They were here three weeks ago.
They're already getting violent.
It's OK, I got it.
[belching]
- You gentlemen like a seat?
- Is there a booth open?
- Let's go!
- [dishes clattering]
- Yeah. Uh, what?
- Come on.
- Keep moving!
- Uh, nice town.
So, uh, I...
Uh...
- She is perfect.
- You like the waitress?
Oh, man. I wanted to say
something funny to her,
but all I could think
of was black jokes.
- Like which ones?
- I forget.
Why don't you tell the one that ends
with you getting your ass whupped?
- Would that be funny?
- I'll be laughing.
Oh, I'll be cracking up.
[laughs]
- [bell chimes]
- [Doug] Oh, it's the law. Oh, boy.
- You boys here for the Chile Festival?
- What, you have a problem?
You look like you saw something
explode or something, all right.
We're just passing through.
The people around here
don't want any more trouble.
Now me, I got no problem
with you Del Fuegos
as long as you boys
could stay sober...
No, no. No, we're... we're not
associated with those assholes.
- You're not?
- [Doug] No.
- For real?
- Yeah.
[exhales deeply]
Folks, they're not Del Fuegos.
[all sigh, murmuring]
Are the Del Fuegos
a problem around here?
Only if you expect 'em
to pay for a meal they just ate
or a beer they just drank.
- Won't have problems with us.
- No, no.
- Then welcome to Madrid.
- Excuse me, sheriff?
- Uh, the Del Fuegos?
- Yeah.
OK, now.

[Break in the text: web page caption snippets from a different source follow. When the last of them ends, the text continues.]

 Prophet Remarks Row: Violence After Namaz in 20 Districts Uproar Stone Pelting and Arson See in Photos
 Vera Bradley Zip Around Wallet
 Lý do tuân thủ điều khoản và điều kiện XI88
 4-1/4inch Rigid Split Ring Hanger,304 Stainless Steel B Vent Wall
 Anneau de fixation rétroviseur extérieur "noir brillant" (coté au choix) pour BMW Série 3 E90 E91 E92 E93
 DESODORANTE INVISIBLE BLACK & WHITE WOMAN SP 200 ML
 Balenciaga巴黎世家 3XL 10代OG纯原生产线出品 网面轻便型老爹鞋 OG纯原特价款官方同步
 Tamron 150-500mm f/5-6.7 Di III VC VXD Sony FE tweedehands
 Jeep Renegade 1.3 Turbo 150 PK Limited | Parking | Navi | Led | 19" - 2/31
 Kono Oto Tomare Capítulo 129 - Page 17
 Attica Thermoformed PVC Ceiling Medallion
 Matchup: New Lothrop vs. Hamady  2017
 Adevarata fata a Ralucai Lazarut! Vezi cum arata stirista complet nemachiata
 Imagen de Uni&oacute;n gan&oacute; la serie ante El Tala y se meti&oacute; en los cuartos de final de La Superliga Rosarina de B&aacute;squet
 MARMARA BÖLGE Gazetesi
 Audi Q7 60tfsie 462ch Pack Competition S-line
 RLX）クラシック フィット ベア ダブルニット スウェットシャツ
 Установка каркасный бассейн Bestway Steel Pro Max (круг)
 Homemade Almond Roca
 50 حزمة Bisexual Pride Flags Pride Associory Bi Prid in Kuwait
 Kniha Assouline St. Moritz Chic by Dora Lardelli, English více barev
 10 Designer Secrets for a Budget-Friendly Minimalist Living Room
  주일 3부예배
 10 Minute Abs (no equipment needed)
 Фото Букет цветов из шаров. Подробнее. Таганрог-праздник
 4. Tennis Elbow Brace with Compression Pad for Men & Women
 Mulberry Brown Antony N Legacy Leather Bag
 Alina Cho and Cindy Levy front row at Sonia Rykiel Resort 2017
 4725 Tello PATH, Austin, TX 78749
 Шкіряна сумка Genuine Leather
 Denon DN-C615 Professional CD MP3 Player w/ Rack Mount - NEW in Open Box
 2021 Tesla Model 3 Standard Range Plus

How often might
they come through this town?
Oh, once every few months.
- Oh?
- Yeah. Yeah.
And... the gas station,
now when would that be open?
That's closed on Sundays.
So tomorrow morning.
Oh, God.
But maybe you should seriously
consider spending the night.
Because we're having
the world's hottest chili contest.
The Chile Festival is not
something you wanna miss.
Last year, somebody's throat
actually started to bleed.
Oh, damn!
Somebody's throat started to bleed?
Yeah. Changed their life.
It's great. Think about it.
We gotta get out of this town, man.
This town is a drag. We gotta move on.
- We gotta find a way out.
- Woody, chill out, man.
We finally get a chance to relax.
Yeah. And being able
to use a bathroom,
- that might be a good idea.
- And I can empty my poop bag.
And you gonna re-use the bag?
Woody, remember
the theme of this trip?
"Whatever," remember?
"Whatever."
OK, fine! Fine.
We'll stay the night,
and we'll get gas in the morning. OK?
Calm down.
I don't understand what your rush is.
I'm not in a rush, man.
I just wanna ride, man.
I just wanna ride. You know?
~ Ride, Sally, ride ~
You are so weird. He asks the...
You say the weirdest things, man.
You're like, "We're digging roots,
buying real estate and shit."
Yeah. Why don't you just... [sobbing]
What?! What?
All right, everybody come here.
Come on.
All right.
We're here. Right?
They could be in any of these towns.
Right around here. All right?
We're gonna find them,
we're gonna get 'em.
I don't know, Jack.
I mean, by my calculations...
[stuttering] I'm thinking,
if they're four hours
ahead of us, we can...
Shut up! Anybody else wanna
tell me how hard this is gonna be?
Huh? Any other naysayers?
Good. I want you to
break up into two-man teams.
You call me when you find 'em.
- [indistinct chatter]
- [~ Pony]
- [indistinct chatter]
- [~ Pony]
[singing]
Oh, snap.
A softball pitch.
You... I gotta win
something for my girls.
Wait a minute.
You think you're good at this?
Oh, I know I'm good at this.
Hey, on my Little League team,
they used to call me "Bull's Eye Bobby."
- Yeah.
- 'Cause I had pinpoint control.
Right.
A hundred forty-four innings,
never walked a batter.
Watch me work, baby.
- Here you go.
- How you doin'?
- Good luck.
- Thank you.
All right, Bull's Eye Bobby, folks!
Bull's Eye Bobby, baby.
It's probably been, what?
Twenty-eight years, Bulls Eye?
[up-tempo music plays]
- Hey.
- Hi.
So, um...
- Excuse me?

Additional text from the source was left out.